I do not have any biological sisters or daughters.
Yet, my oh my, I have a lot of “sisters” and “daughters,” many whom have been a part of my life for a very long time.
My mother was a pioneer in her profession, and had the inner strength to raise three boys when her beloved husband suddenly died far too young.
Alongside my mother there were teachers, coaches, and my first spiritual director – all women who continue to shape and influence my life. And now I am blessed beyond measure to be married to an amazing, incredible, intelligent, creative, witty woman.

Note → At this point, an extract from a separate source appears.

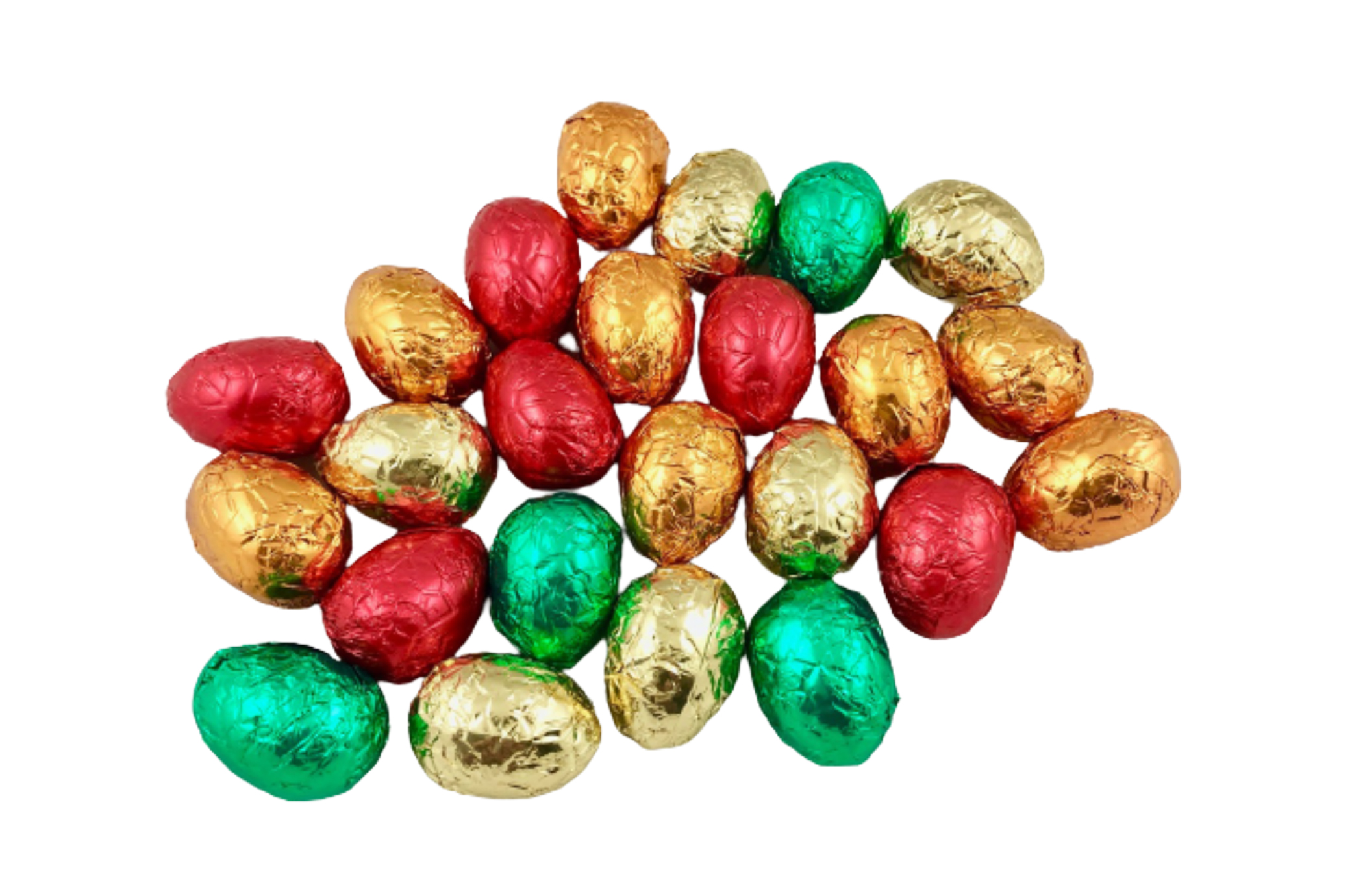 Mini Oeufs chocolat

Every one of these women have had varying degrees of negative experiences because of their gender. I know this because I have witnessed it first hand and I have heard their stories. These stories, compounded with their willingness to lovingly enlighten me to my own behaviors, actions and assumptions that perpetuate these negative experiences, have been critical in both my own behavioral changes and advocacy for changes from others.
Lent is always an invitation. An opportunity for us individually and collectively to reflect on our relationship with God, with the world and who God is calling us to be. What sins, what behaviors, actions, stand between, or are causing a divide between, ourselves and God, ourselves and our neighbor, ourselves and the image of God who we are being called to manifest?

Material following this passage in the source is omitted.